I've spent most of today contemplating the soreness of my feet. I have done a lot of walking, and it's starting to take its toll. Definitely on the itinerary tomorrow is a visit to the baths... In Bath!

That's where I am at the moment, sitting in a coffee shop waiting for my (walking) tour to start in an hour and a half. I got the train from Cardiff this morning and, after my breakfast of Welshcakes and chocolate eggs (it's Easter. I'm allowed), arrived in Bath at half past eleven.

It's amazing how long two hours can last when you're walking everywhere with a backpack and bag that didn't weigh quite this much before, surely. I followed the people into the centre of Bath and joined a line outside the Roman Baths, then decided it would be more tactical to go later on. Instead I wandered the streets with their beautiful Georgian buildings, following street signs and information panels to a Jane Austen centre (she lived in Bath for about seven years) and the famous circle and crescent of grand houses.

The Jane Austen centre had a young man dressed as Darcy standing outside, which was very nice, and had lots of Jane Austen gifts inside including signs saying 'Keep Calm and Read Jane Austen'. I got one of Jane Austen's earliest works, and sat and read it in its entirety on the lawn in front of the Royal Crescent Georgian houses. Then another walk back to the train station to catch a bus up the hill to the hostel, which had just opened for check-in.

The Bath Abbey had a choral evensong at 3.30 which I was determined to catch, so I didn't have long to rest my feet. I got to the bus stop just as the bus was supposed to arrive, but then it didn't. At 3.15 I decided to see if it was possible to run into town in fifteen minutes. It is possible... But tiring and probably not very good for my poor feet.

The Abbey is impressive from the outside, but the inside is absolutely incredible. It's probably the lightest naturally-lit church interior I've seen, with huge diamond-paned clear windows and some beautiful stained glass at the far end. The pillars stretch up and out into fans reaching across the ceiling and the floor is set with memorial gravestones, as is usual in most churches here. A bit strange to think you're walking over people buried below...

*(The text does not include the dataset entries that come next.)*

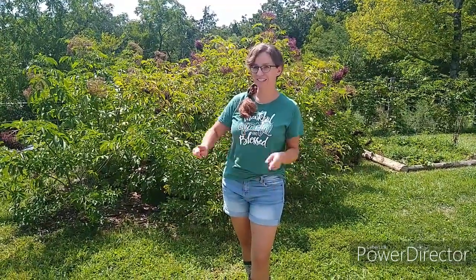Hi, this is Shana with Against the Grain Homestead. Today I'm going to give you a garden tour. Please consider subscribing, and make sure you click that notification bell so you'll get notified when we post new videos. Let's get started.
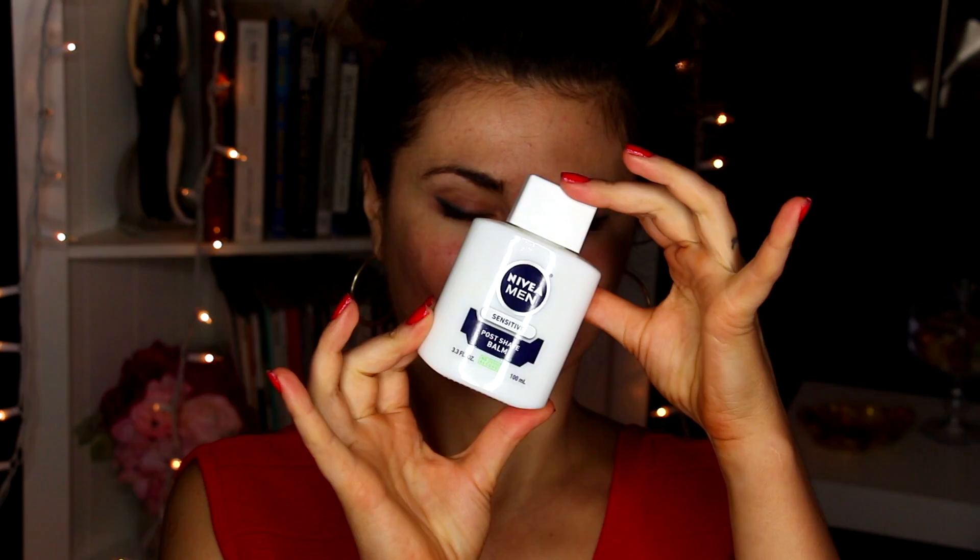I'm so excited to show you guys how I got this look. The first thing I'm going to grab is my Nivea Aftershave — I'm going to use this as primer. I've been loving and obsessed with it, and a little bit goes a really long way. I'm just going to spread this all over my face, my chin, and also my neck.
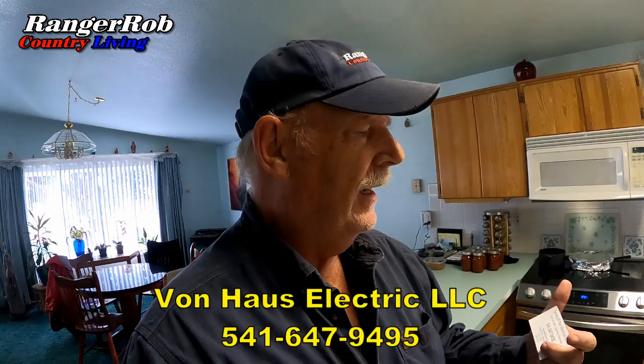Good morning everyone, this is Ranger Rob and welcome to the Ranger Rob Country Living channel. Today is a milestone for me and Sherry. Our electrician is here today from Van Haas Electric LLC — I'll put their link in the description below. Let's go take a quick look at what he's doing.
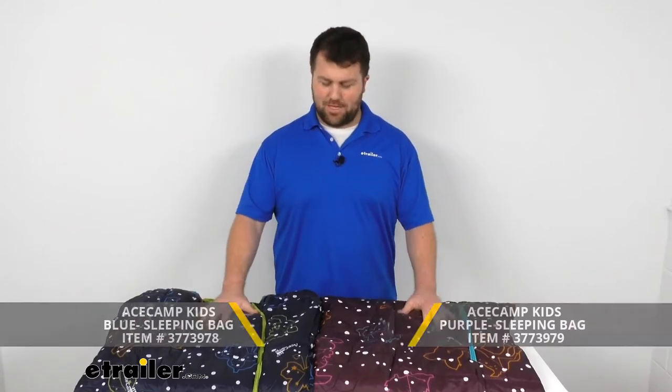Hi there, I'm Michael with eTrailer.com. Today we're going to take a quick look at the Ace Camp Kids Sleeping Bags.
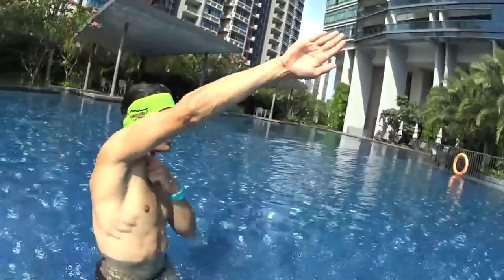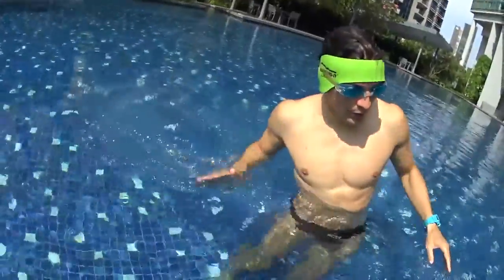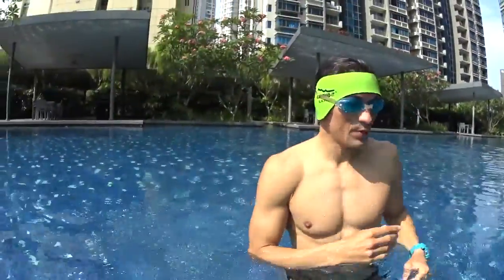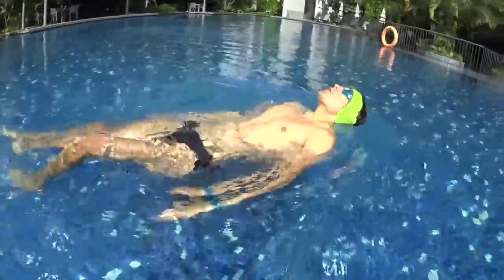While you are executing the stroke with one arm only, rolling your shoulders trying to have a big amplitude of movement, remember that the other arm is on the side, relaxed and does not need to swim.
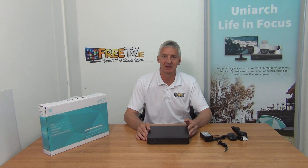I have in front of me a Uniarch 4-channel NVR. It's 8 megapixel and it comes with 4 PoE ports on it. It's available with free delivery directly from freetv.ie. This is actually a very high spec NVR in terms of what it does, and the price point on it is great. Uniarch is owned by Uniview — it's one of their brands — and Uniarch is one of the largest CCTV suppliers in the world.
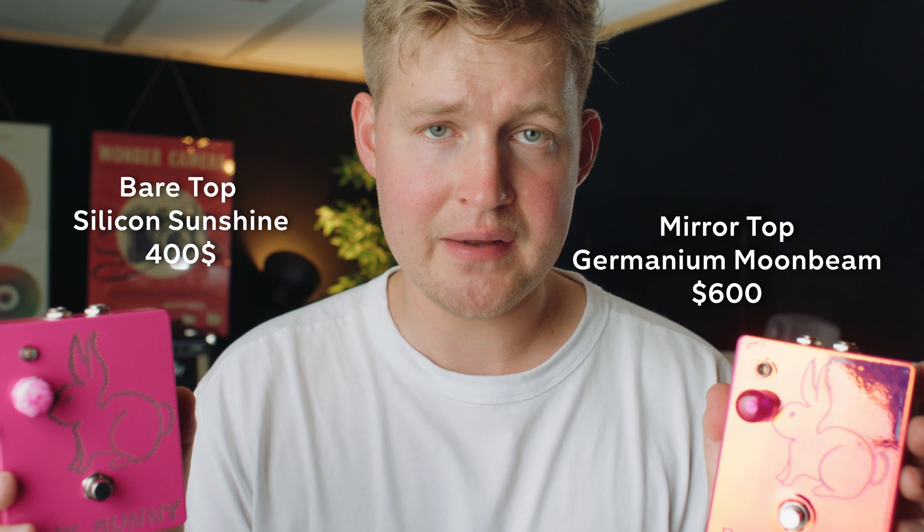It is a fuzz, and I have two versions. One is called the Silicon Sunshine and the other one is called Germanium Moonbeam, and they sound like this.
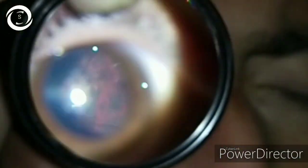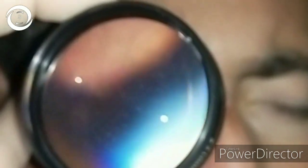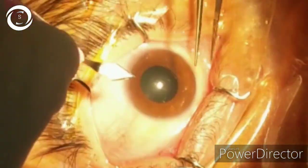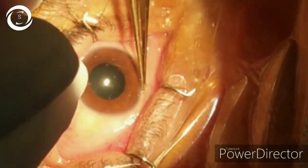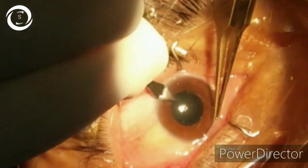We have done biometry of the right eye and its IOL number was plus 8 diopter sphere. Always do the surgery under topical anesthesia because the axial length is elongated. So under topical anesthesia, I am doing main port construction with a 2.8 phaco knife.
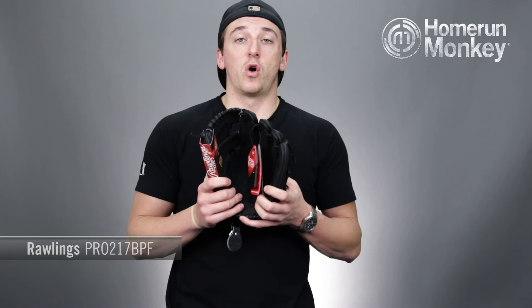This glove is great for a middle infielder that's looking for a small glove and a shallow pocket for easy transitions on balls in the hole and on double plays.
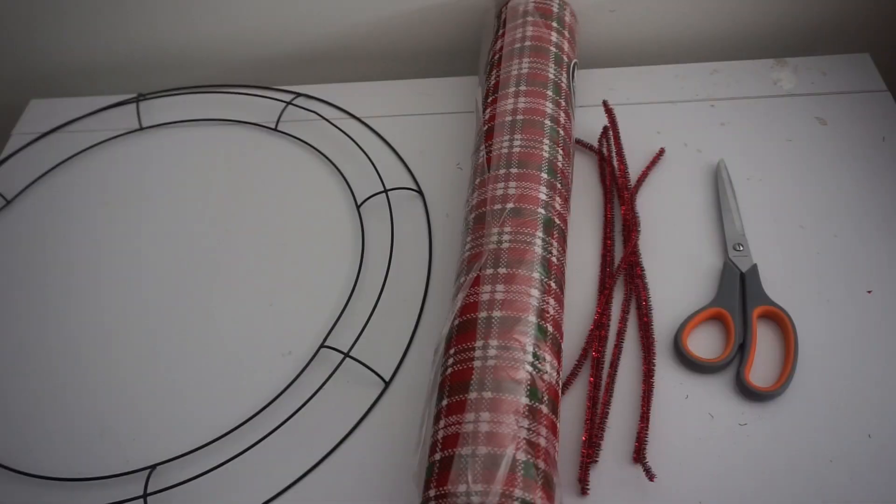Hey guys, today we'll be making an adorable poofy bubble Christmas deco mesh wreath. What you will need: an 18-inch wreath ring, 21-inch deco mesh in plaid and solid red, chenille stems, and scissors.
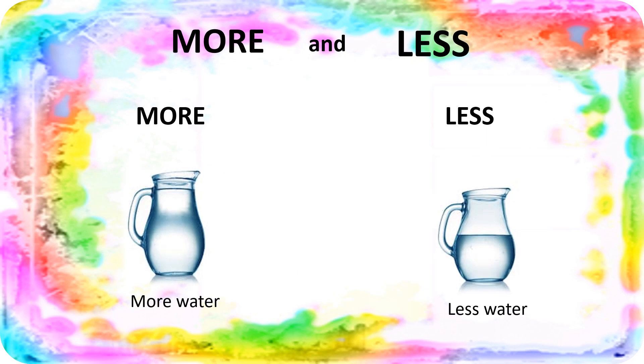Now, look at the two jugs in front of you. One jug is full of water — it has more water — and the other has less water, it is half empty. So, M means more and L means less.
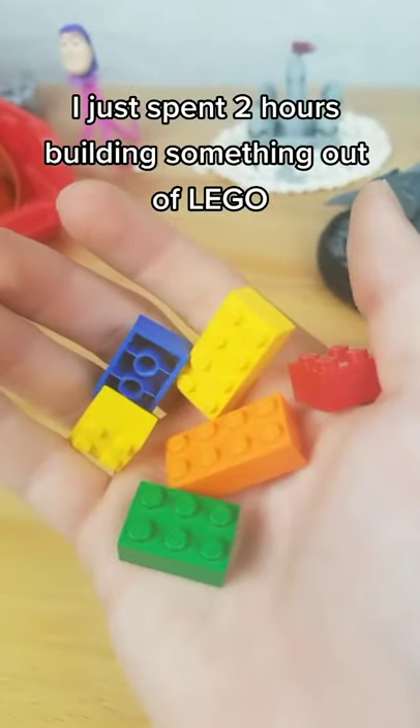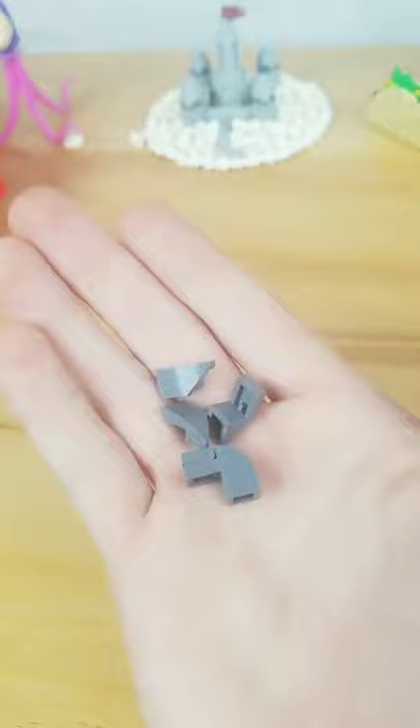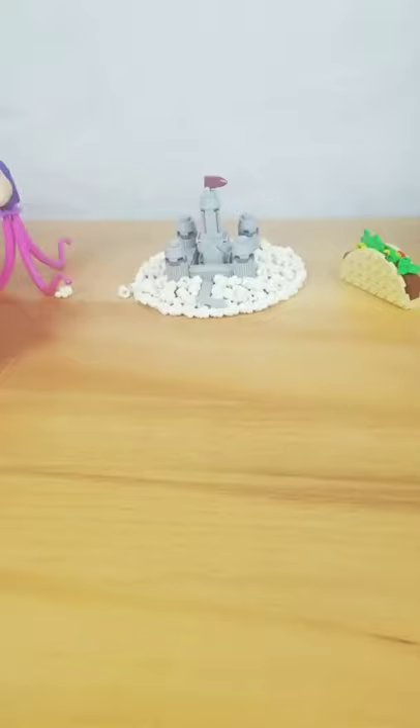I just spent two hours building something out of Lego. At first I grabbed my gray parts. After finding many slopes, I built this little thingy-a-bobby. That little section then turned into a head.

There was a boy's choir and a men's choir singing, and they were extremely good, singing by themselves at first and then accompanied by the organ as the procession reached the choir stalls. I'd forgotten that an evensong service involves a lot of standing, but I didn't mind so much because the singing was so good and the church so beautiful.

Next on my list was the Sally Lunn house, where the French refugee Soli Luyon started making brioche-like buns that were named after her. A real Sally Lunn bun doesn't have raisins or icing - a Bath bun does. The museum charges an exorbitant 30p entry fee, but I didn't have exact change and tried to offer 50p instead. The lady waved my silver coin away, saying no one had been charged today so it was free entry.

The museum is tiny and shows the original Sally Lunn bakery, lots of kitchen implements of the fifteenth and sixteenth centuries, and also an excavation of the floor levels right back to Roman times. What is now the basement was the ground level in Sally Lunn's time, because when the Georgians remade Bath they lifted many of the streets to reduce flooding. Below this are the seven different medieval floors, some Saxon floors and the original Roman floor about two metres below Sally Lunn's floor level.

I bought one of the last buns and went to sit beside the Avon to sample it with some blackcurrant jam. Very good (better than brioche, in my opinion, and a bit like challah though with less salt and more sugar), and I'll have enough for breakfast tomorrow too.

In the evening I went on the Bizarre Bath tour, which (as advertised) involved virtually no history or facts. It did involve us following the blindfolded guide up and down a few streets searching for ley lines, as well as a toy bunny who managed to escape being chained, tied in a post bag and thrown into the River Avon. At one point one of the locals rode past on a bicycle, tooting a horn and blindfolded. Our guide was more shocked than we were and said the locals were getting to know the tour a bit too well.